Christian-Albrechts-Universität zu Kiel
The Sr/Ca ratio of carbonate coral skeletons is commonly utilized as a paleothermometer to reconstruct sea surface temperatures (SST). Dome-shaped corals (e.g., Porites, Diploria, Siderastrea sp.,) grow all year long and build skeletons that can span more than 300 years into the past, and hence represent valuable archives to reconstruct past climate conditions. Fossil corals provide records of seasonal to interannual variability up to the last Interglacial. These paleo-temperature data sets are crucial for validating models that predict Earth’s future climate.
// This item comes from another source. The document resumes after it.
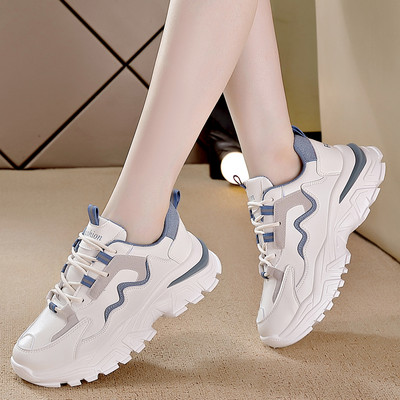 Γυναικεία αθλητικά παπούτσια με τραχιά σόλα και κορδόνια - λευκό χρώμα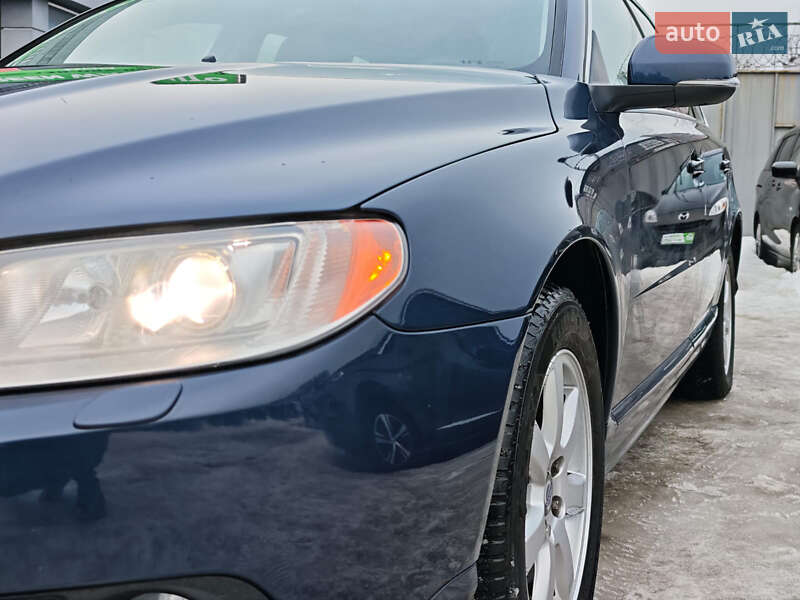 Универсал Volvo V70 2012 в Киеве фото 5 Универсал Volvo V70 2012 в Киеве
The Sr/Ca ratio recorded in corals is inversely correlated with the seawater temperature during mineralization. Traditional Sr/Ca analysis uses micro-drilled coral carbonate powder, that provides a spatial resolution of ~0.5 mm, enabling biweekly SST estimates. However, this approach is extremely labour-intensive and time-consuming given the sample numbers needed to reconstruct a single temperature record (~1000 samples / 100 yrs), not including any replication.
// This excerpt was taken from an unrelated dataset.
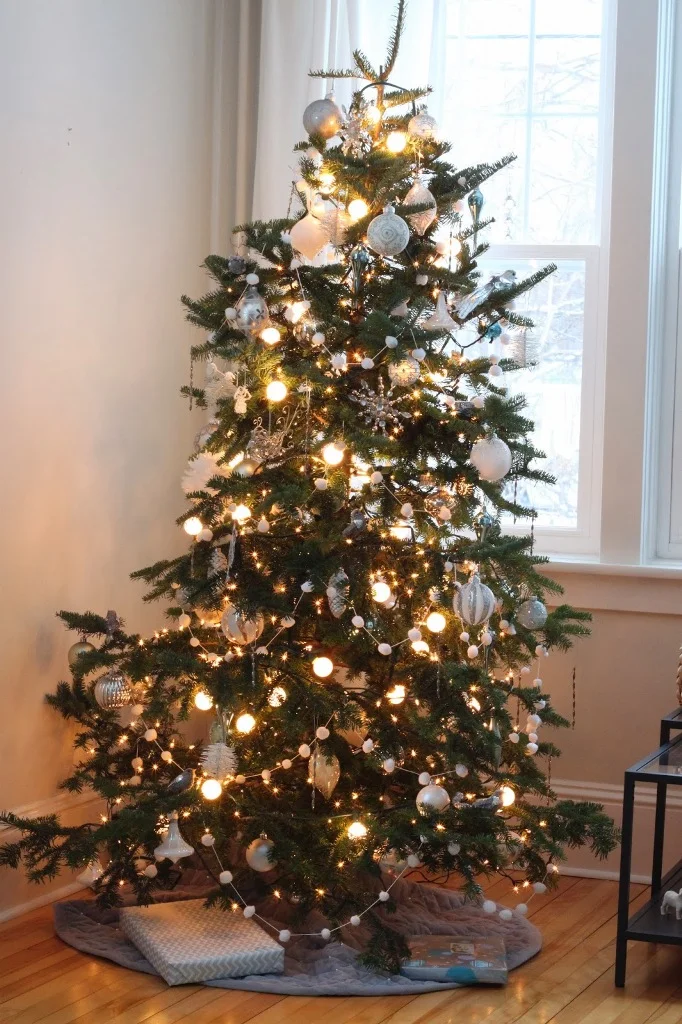 globe lights christmas decoration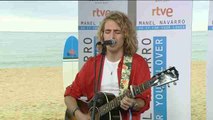 Manel Navarro se despide de España y parte a Eurovisión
Direct in situ laser ablation presents significant potential for enhancing both throughput and spatial resolution. However, the quality of existing data from in situ Sr/Ca measurements using sequential instruments has proven inadequate for high-resolution temperature reconstructions. As a result, there is a strong demand for truly simultaneous multi-element detection.
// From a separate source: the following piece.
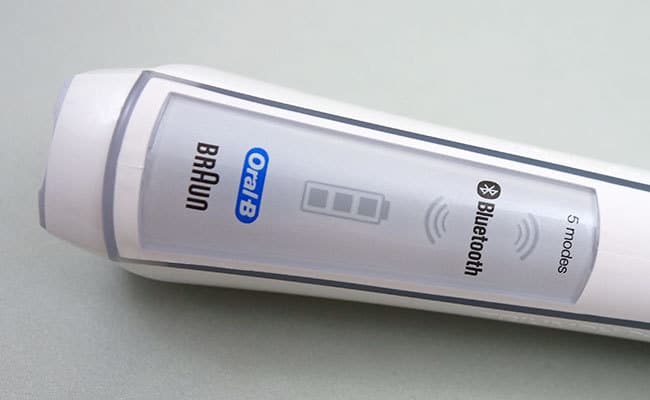 Oral-B Pro 5000 Electric toothbrush display screen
To reconstruct weekly to biweekly SST in corals with high throughput (75 years/day) we have coupled the only commercially available ICP-OES instrument capable of simultaneous detection of elemental wavelength and adequate time-resolved acquisition of Sr/Ca ratios (SPECTRO Arcos II MV) with a commercial LA system (ESL imageGEO193, equipped with ESL TV2 and DCI). Calibration of intensity ratios is achieved using a series of coral-carbonate nanoparticulate powder pellets with varying Sr/Ca ratios. We will present the performance metrics of this setup for high-precision Sr/Ca analysis by LA-ICP-OES and compare it to traditional solution-based methods.